What is being asked:
Write out every line below that includes the word "with".

Given records:

···

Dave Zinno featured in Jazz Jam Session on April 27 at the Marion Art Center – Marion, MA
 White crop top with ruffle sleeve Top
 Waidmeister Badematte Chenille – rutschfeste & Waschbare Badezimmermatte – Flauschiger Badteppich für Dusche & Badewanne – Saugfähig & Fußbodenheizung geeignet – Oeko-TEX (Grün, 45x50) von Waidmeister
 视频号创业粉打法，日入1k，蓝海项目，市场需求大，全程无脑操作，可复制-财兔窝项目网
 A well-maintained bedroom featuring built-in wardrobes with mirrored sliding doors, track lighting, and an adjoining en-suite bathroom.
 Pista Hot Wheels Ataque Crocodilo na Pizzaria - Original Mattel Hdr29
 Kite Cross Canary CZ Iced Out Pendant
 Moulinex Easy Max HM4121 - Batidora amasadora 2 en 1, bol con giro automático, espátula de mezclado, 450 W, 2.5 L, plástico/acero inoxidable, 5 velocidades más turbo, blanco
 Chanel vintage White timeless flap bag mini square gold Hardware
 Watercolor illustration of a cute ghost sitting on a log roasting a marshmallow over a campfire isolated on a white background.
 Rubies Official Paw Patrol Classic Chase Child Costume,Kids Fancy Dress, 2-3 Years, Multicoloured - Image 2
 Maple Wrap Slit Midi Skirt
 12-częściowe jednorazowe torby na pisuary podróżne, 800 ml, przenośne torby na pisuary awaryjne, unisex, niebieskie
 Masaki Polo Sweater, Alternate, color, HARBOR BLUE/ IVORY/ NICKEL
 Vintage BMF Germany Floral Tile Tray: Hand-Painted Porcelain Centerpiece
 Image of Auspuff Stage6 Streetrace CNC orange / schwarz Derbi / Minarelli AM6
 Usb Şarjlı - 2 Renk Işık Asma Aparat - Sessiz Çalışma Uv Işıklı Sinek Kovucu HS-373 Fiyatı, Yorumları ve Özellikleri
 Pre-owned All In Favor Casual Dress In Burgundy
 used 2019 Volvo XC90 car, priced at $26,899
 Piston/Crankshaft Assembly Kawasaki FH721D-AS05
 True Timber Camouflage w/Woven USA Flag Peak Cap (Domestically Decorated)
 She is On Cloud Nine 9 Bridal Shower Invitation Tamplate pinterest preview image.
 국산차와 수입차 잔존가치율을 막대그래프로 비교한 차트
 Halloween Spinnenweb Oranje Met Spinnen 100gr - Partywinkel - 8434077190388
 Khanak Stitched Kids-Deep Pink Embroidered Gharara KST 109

···

Your solution:
 White crop top with ruffle sleeve Top
 A well-maintained bedroom featuring built-in wardrobes with mirrored sliding doors, track lighting, and an adjoining en-suite bathroom.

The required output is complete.